Ta ta sweety (skips away daintily, leaking ass fluids profusely on the sidewalk where later some hurried gentlemen slips and cracks his skull. There he lay and decayed while the ants worked their way into his head and slowly but determinedly carried away the whole brain into a nest which was located in a local chinese restaraunt, but hey, that's karma).

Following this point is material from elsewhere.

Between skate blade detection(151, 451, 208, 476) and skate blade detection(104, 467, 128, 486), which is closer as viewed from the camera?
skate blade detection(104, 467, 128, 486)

Ok, this proves it, there is no doubt about it. Crocs are never a good thing, I don't care how fucking comfortable they are. Just don't do it.

Anyone for pancakes? LOL - get it?! hahaha

Just go to TMZ and you can see her pasty ass there. What's the big deal? it's just a butt crack.

So THAT'S the fanny sitting in those Cadillacs on the TV ads.

i thought crocs were just for fat people who couldn't muster up the effort to bend over & tie their shoes. interesting..

Helloooo Dr. Addison Montgomery!

I'd like to smell her toes and feet after she takes those crocs off. Yum!

clearly is a photoshop work, notice that only the skirt had yellow dot in the butt area and the other are black, what a shitty fake work.

do none of you know anything about thongs? it goes into your ass crack- so you cant see it from a picture like this.

This we call a butt?
Did you discover kim kardashian's BUTT already?
Thatone we name: ASS!!
And I totally adore this woman!!

Am I the only one who thinks she look to be a bit on the pregnant side? *shrug*

Jerkin' now!

pssh, whatever. she's still hot.

Readers and "The Writer"...ever heard of thongs?